» **Stored data**
=-=-=-=-=
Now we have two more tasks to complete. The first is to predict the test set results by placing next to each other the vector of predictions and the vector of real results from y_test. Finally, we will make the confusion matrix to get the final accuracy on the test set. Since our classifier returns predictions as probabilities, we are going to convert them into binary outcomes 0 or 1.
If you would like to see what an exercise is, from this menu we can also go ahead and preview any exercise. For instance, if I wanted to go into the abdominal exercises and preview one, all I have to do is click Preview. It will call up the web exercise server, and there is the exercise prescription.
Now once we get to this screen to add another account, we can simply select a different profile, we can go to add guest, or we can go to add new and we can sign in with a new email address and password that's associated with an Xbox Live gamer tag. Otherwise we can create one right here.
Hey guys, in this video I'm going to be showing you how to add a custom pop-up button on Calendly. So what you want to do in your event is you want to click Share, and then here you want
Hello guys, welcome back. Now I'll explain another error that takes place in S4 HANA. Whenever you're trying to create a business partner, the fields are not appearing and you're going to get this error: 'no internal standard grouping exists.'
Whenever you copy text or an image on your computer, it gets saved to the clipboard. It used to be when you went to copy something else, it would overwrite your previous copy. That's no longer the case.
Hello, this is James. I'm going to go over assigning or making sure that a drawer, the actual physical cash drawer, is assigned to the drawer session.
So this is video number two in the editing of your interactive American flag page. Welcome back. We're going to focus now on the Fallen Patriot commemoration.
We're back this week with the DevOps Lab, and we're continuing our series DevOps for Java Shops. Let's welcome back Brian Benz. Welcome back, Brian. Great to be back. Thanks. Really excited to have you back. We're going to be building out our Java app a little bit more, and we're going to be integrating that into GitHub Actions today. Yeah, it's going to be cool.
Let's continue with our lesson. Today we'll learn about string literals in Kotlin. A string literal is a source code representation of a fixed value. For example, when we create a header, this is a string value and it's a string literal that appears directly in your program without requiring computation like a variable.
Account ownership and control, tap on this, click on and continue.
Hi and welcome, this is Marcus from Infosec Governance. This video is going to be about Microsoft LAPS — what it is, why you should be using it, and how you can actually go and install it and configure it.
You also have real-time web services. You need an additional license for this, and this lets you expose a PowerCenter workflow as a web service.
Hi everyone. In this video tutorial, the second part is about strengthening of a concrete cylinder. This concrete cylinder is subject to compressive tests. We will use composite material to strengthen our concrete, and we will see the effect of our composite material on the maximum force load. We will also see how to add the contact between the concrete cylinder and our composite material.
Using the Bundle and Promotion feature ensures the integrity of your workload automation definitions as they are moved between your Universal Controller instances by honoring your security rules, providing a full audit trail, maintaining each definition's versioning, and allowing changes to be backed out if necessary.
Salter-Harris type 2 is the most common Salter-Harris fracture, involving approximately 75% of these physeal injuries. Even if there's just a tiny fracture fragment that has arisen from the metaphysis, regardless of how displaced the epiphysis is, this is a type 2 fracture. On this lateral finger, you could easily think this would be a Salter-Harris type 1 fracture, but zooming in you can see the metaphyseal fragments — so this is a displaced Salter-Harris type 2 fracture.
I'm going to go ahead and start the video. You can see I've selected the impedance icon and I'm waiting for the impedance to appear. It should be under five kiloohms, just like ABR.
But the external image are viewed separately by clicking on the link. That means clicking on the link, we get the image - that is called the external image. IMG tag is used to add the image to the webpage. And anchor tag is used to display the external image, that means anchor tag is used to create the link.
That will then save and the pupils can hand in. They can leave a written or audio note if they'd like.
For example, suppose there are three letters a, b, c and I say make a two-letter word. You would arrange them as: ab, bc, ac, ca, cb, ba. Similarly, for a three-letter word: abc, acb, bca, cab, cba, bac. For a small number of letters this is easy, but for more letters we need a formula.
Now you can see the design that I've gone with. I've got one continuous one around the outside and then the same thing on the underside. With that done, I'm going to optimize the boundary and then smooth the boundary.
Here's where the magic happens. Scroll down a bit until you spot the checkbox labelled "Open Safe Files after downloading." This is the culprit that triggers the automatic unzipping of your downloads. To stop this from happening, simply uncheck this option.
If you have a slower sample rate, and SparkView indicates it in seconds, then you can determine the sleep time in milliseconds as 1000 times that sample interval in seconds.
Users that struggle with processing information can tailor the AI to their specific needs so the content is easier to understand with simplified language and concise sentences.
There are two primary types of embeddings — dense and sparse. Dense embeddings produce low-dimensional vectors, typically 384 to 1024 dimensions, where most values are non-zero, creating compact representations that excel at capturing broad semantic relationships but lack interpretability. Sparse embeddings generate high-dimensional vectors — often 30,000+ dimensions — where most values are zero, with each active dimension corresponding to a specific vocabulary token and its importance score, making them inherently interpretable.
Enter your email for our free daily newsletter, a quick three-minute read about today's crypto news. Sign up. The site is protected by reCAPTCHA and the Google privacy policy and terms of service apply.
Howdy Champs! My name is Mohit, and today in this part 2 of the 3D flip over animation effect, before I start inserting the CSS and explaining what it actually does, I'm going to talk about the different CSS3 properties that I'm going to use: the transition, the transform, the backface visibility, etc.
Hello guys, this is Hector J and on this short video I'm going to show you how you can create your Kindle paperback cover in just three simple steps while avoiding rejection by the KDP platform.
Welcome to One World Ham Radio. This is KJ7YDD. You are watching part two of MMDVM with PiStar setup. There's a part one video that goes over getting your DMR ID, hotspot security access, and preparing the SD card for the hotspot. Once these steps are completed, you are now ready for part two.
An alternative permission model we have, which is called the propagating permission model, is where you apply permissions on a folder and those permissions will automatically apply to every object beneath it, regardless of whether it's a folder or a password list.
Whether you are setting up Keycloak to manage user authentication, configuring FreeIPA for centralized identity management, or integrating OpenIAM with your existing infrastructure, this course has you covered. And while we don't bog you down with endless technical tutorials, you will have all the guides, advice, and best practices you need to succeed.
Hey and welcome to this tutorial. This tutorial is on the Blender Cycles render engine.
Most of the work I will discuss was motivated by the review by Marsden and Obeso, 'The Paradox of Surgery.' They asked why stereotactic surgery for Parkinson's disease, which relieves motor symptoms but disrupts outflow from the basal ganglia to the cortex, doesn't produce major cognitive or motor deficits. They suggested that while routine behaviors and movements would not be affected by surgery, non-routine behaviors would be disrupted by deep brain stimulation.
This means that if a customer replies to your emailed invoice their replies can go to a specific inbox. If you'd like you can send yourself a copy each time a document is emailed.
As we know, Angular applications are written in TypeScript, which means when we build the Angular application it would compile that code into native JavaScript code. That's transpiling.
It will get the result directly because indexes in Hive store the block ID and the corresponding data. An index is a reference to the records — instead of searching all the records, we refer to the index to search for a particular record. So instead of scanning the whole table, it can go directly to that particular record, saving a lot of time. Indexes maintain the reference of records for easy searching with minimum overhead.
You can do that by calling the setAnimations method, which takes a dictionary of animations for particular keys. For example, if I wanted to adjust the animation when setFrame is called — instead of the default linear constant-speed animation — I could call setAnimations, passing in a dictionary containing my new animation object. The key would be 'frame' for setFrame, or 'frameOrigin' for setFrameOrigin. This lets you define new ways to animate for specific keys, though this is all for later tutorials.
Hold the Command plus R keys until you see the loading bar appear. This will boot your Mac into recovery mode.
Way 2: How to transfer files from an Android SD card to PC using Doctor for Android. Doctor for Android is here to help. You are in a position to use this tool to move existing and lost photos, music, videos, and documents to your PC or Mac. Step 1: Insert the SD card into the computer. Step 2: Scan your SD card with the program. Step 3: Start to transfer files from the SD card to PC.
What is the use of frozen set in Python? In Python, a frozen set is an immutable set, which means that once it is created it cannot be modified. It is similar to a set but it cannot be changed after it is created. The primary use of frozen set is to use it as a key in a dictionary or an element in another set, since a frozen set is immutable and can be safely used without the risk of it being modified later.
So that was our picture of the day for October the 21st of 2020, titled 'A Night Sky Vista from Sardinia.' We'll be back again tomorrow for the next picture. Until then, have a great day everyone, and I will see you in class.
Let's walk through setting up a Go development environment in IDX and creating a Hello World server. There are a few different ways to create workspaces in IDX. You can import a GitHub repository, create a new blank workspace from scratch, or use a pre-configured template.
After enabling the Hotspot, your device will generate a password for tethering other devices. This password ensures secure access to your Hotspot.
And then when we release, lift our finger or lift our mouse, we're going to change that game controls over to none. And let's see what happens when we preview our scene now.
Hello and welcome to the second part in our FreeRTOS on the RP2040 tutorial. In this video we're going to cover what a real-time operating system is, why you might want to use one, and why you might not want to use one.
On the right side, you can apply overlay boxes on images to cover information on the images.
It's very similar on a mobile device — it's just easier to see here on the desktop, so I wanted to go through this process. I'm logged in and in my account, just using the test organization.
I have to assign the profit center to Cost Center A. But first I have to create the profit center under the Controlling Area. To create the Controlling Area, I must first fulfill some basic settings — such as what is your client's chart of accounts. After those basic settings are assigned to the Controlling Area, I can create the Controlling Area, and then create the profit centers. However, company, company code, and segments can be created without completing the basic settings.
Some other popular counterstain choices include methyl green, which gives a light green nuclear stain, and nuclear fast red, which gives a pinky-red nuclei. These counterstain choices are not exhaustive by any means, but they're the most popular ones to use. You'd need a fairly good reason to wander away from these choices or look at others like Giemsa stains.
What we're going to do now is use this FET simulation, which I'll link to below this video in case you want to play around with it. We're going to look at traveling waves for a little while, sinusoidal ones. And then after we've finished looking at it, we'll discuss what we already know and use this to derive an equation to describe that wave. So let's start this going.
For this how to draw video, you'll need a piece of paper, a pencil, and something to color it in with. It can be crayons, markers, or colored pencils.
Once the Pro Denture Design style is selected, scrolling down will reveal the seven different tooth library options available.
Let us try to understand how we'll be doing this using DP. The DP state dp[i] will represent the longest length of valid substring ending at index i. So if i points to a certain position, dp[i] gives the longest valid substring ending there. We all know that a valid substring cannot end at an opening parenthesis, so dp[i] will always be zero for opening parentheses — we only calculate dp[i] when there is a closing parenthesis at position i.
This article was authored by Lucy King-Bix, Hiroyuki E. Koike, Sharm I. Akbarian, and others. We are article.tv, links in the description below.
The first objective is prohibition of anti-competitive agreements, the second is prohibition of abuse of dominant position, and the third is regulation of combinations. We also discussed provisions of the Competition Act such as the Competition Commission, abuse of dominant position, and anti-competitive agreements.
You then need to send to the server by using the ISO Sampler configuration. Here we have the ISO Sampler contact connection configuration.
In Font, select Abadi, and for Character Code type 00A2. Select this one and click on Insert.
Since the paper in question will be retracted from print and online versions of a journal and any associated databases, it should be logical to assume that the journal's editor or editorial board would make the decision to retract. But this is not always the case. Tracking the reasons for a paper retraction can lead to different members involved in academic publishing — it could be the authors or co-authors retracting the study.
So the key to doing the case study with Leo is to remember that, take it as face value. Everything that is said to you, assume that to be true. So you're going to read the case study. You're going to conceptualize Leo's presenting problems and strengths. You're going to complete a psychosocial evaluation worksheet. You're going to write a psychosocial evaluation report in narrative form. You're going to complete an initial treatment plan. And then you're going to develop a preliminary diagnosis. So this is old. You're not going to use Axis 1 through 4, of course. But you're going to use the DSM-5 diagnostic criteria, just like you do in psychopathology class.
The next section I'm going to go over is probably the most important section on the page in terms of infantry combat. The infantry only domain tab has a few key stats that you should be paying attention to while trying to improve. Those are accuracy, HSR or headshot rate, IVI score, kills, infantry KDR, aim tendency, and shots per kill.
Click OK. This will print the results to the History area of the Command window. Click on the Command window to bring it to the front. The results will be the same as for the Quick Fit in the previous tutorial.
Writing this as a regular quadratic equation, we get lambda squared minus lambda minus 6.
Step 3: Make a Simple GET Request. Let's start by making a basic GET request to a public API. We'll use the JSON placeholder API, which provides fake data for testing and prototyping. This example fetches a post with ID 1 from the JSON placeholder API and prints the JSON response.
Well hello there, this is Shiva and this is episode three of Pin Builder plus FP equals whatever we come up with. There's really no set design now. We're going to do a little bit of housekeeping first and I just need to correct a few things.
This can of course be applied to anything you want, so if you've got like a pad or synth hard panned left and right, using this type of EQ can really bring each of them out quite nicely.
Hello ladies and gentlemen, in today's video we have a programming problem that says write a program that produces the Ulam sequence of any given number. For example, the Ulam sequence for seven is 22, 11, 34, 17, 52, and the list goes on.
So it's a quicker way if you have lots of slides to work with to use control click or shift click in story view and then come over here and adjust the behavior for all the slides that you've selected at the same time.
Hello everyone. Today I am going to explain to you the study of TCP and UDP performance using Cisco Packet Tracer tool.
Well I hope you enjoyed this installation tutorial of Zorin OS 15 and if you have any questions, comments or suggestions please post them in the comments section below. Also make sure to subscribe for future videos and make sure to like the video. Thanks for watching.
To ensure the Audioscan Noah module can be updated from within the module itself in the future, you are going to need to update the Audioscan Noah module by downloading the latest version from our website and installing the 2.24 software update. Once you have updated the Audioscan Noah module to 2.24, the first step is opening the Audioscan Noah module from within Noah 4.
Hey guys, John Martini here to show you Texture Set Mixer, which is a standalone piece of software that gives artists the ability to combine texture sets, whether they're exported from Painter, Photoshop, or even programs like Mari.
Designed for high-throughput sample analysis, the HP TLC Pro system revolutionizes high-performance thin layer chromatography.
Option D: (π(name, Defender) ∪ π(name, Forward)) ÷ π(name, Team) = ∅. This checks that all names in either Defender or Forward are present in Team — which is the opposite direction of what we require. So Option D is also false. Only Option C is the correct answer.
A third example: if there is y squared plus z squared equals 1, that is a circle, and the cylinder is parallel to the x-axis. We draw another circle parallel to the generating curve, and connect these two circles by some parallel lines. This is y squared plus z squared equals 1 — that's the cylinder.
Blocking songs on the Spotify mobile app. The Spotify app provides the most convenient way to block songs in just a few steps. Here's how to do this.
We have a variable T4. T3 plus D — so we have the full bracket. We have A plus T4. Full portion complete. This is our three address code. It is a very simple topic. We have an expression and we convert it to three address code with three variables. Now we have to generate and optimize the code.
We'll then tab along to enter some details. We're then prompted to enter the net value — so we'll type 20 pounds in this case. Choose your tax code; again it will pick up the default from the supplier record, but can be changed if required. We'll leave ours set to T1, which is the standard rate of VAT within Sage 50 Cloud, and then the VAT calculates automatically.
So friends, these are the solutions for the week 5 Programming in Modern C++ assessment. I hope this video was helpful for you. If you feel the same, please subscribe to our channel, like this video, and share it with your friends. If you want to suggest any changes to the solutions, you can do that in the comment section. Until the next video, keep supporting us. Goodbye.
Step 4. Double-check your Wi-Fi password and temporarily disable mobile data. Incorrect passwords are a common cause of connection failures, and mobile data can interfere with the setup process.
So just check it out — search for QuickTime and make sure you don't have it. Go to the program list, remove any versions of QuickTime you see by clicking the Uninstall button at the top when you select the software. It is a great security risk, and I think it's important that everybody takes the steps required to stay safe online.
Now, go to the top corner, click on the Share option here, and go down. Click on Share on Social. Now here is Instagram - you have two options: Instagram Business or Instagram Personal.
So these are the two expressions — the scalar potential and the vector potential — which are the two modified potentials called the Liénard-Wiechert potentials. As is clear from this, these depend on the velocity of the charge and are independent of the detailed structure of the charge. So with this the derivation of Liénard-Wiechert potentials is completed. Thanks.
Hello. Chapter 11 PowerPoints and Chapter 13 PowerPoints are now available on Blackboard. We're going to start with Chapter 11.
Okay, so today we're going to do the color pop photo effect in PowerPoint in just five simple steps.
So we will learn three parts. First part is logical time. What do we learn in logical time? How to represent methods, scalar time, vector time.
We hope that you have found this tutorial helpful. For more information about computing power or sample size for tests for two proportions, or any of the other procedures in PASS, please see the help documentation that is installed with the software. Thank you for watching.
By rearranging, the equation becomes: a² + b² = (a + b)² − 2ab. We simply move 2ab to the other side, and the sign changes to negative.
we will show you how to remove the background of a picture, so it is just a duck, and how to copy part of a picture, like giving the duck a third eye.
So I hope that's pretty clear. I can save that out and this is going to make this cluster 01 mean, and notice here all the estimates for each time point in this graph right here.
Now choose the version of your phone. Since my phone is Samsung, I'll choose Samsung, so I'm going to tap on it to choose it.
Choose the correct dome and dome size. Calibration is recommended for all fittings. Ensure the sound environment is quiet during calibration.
=-=-=-=-=
» **EXERCISE REQUIREMENTS**
Reproduce the lines above, beginning at the line with "But the external" and stopping after the line with "If you have a slower", exactly as they are.

» **SOLUTION TO THE EXERCISE**
But the external image are viewed separately by clicking on the link. That means clicking on the link, we get the image - that is called the external image. IMG tag is used to add the image to the webpage. And anchor tag is used to display the external image, that means anchor tag is used to create the link.
That will then save and the pupils can hand in. They can leave a written or audio note if they'd like.
For example, suppose there are three letters a, b, c and I say make a two-letter word. You would arrange them as: ab, bc, ac, ca, cb, ba. Similarly, for a three-letter word: abc, acb, bca, cab, cba, bac. For a small number of letters this is easy, but for more letters we need a formula.
Now you can see the design that I've gone with. I've got one continuous one around the outside and then the same thing on the underside. With that done, I'm going to optimize the boundary and then smooth the boundary.
Here's where the magic happens. Scroll down a bit until you spot the checkbox labelled "Open Safe Files after downloading." This is the culprit that triggers the automatic unzipping of your downloads. To stop this from happening, simply uncheck this option.
If you have a slower sample rate, and SparkView indicates it in seconds, then you can determine the sleep time in milliseconds as 1000 times that sample interval in seconds.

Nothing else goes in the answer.